The sale of Del Monte Fresh Produce was announced by the administrators, Coopers & Lybrand, yesterday. No price was disclosed, but it is believed to be just under dollars 500m.

The purchaser is an investor group led by Grupo Cabal, an industrial and financial group with a controlling interest in Banco BCH, Mexico's largest commercial bank. Other members include Nacional Financiera, one of the largest Mexican banks.

The sale means that the banks which financed the dollars 875m acquisition of Del Monte by Polly Peck in December 1989 are likely to be repaid in full. About dollars 300m of the dollars 605m in loans is still outstanding, but the debts are ring-fenced from the rest of the group and are secured on Del Monte's assets.

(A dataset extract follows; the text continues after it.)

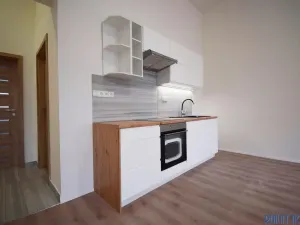 Pronájem bytu 3+kk, Teplice, Českobratrská, 60 m2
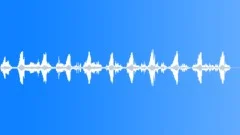 Dawn Chorus 1 Sound Effect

The administrators had originally planned to float Del Monte in the US, but the plan was abandoned because of the uncertain state of the financial markets. Instead, Goldman Sachs conducted an auction of the business which, Del Monte said, attracted a great deal of interest.

Polly Peck collapsed with debts of more than pounds 1bn in September 1990. It is still uncertain how much of the remaining debt, which was not used for the Del Monte deal, will be repaid.

Asil Nadir, Polly Peck's former chairman, is now bankrupt and on bail facing charges of theft and false accounting of more than pounds 1bn. He also faces a claim from the administrators for the return of more than pounds 300m.

Del Monte, which has 14,000 employees, is one of the two largest pineapple suppliers and the third-largest banana marketer in the world. It also supplies other tropical fruit.

Brian Haycox, chief executive, said the deal would provide the capital and long-term support the group had been looking for.